Rafting the Skagit River rapids

It starts with a lifejacket and a guide
August 10, 2022 at 5:55 a.m.
Hailey Palmer, left, watches Cascadia Rafting guide Nick Allen pull his boat through rapids with oars on the Skagit River on Aug. 8. Each rafting trip requires two boats to travel together and lasts 2 to 3 hours.
Hailey Palmer, left, watches Cascadia Rafting guide Nick Allen pull his boat through rapids with oars on the Skagit River on Aug. 8. Each rafting trip requires two boats to travel together and lasts 2 to 3 hours. (Hailey Hoffman/Cascadia Daily News)

Staff Reporter

MARBLEMOUNT — It’s not every week I have the afternoon and early part of the evening of my Mondays blocked out for a rafting trip. I also don’t usually get to call that work.

That’s what my Monday looked like, though. No complaints here.

It started with an email last week from Cascadia Rafting in Marblemount inviting us out on the water. In an effort to show that rafting can be safe and fun for the average Joe and Jane, they offered to take us on the Skagit River, a tamer beast than our local Nooksack River.

Let me preface this by saying my experience in rafts on a river goes back to last summer when the Coors-Light-and-White-Claw to people-on-board ratio was somewhere around 8-to-1.

Needless to say, this was my first real rafting trip where I would actually be put to work.

photo  From left, Cascadia Daily News staff Hailey Palmer, Hailey Hoffman and Cassidy Hettesheimer paddle through Class III rapids. (Photo by Nick Allen)  

We arrived at Goodell Creek Campground around 1:30 p.m. and were greeted by Nick Allen and Christine Young, our guides for the day and also the brains behind Cascadia Rafting.

They let us know what the rest of the afternoon was going to look like and gave us a quick rundown of how to effectively paddle. I usually sit in water vessels with motors, so it was a welcome lesson.

Before we hit the water, we received a safety lesson. To their knowledge, nobody had died on the Skagit River (good to know). They went through the basics of how not to fall in the water and what to do in case you do.

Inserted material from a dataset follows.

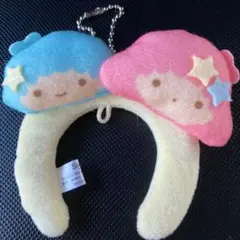 リトルツインスターズ ぬいぐるみキーホルダー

photo  Nick Allen talks about safety and what to do in the case of an emergency — like someone falling out — on the river. (Hailey Hoffman/Cascadia Daily News)  

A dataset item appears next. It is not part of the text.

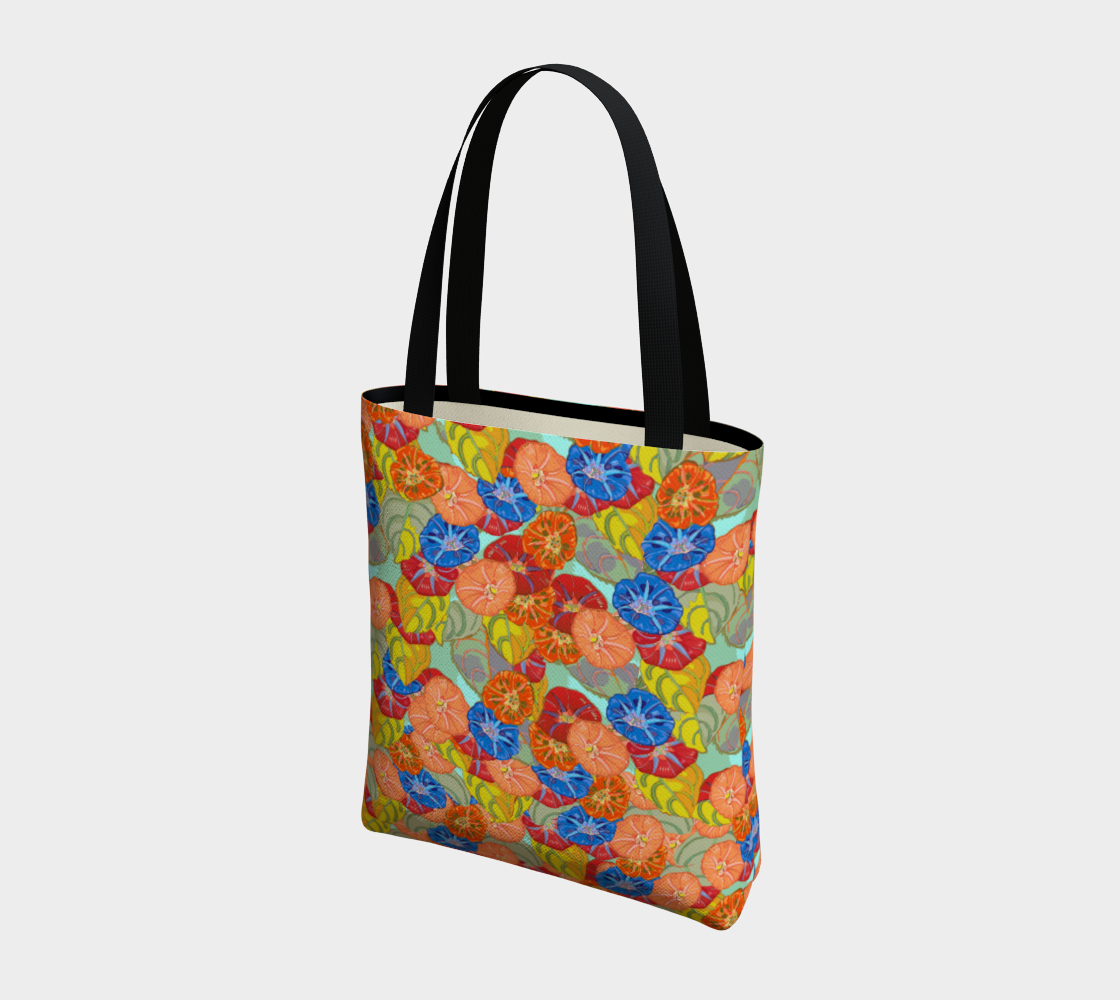 Hot Floral Tote preview #3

I was fully convinced I was going to go overboard.

We went through some quick deliberation of who would be situated in the front (splash zone and leaders of the paddle) and in the middle. We somehow came to the conclusion that I should be one of the people in front.

It was finally time to hit the water.

With two of us in the front, one in the middle and Young in the back making sure we didn’t screw anything up, we set sail. Wrong term, I know, but I think it sounded cool there.

photo  Cascadia Rafting guide Christine Young navigates the shifting currents of the Skagit River from the back of the six-person raft. (Hailey Hoffman/Cascadia Daily News)  

Much of the river was a smooth ride. Young told us the Skagit is mostly Class I and II with a small section of it being Class III. For those of you at home who don’t know what that means, the class of a river is defined by how hard it is to rescue you if you fall in.

Did I mention I was convinced I was going to fall in? Not that I didn’t have faith in our guide's abilities, I mostly didn’t have faith in my own.

The actual sections of whitewater were fun and the splash zone up front was appropriately named. It didn't feel like I was doing much when paddling during these parts, but I'm sure there was a reason for it.

During our time on the water, I was able to chat with Young about river floating and guided tours. She said most dangerous situations and deaths on the water can be attributed to people overestimating their own abilities. 

“The river isn’t something that needs to be conquered. The water will always win,” she said. 

photo  Beneath the snow-capped peaks of the North Cascades, Cassidy Hettesheimer paddles a raft down the Skagit River. (Hailey Hoffman/Cascadia Daily News)  

I learned a lot in our two hours on the water. Other people don’t see what I always thought to be pretty standard safety measures as standard.

Admittedly, before this day on the water, I’ve never been the person to err on the side of caution. I’ve also never been scared of water even though I never went through formal swim lessons as a child.

I’ve always kind of been the, “It probably won’t happen to me,” type. Like I said before, I’m not the brightest sometimes.

Water can be fun, but it’s also dangerous, powerful and stronger than you and I. If you’re going to mess with it, do so with a guide like I did.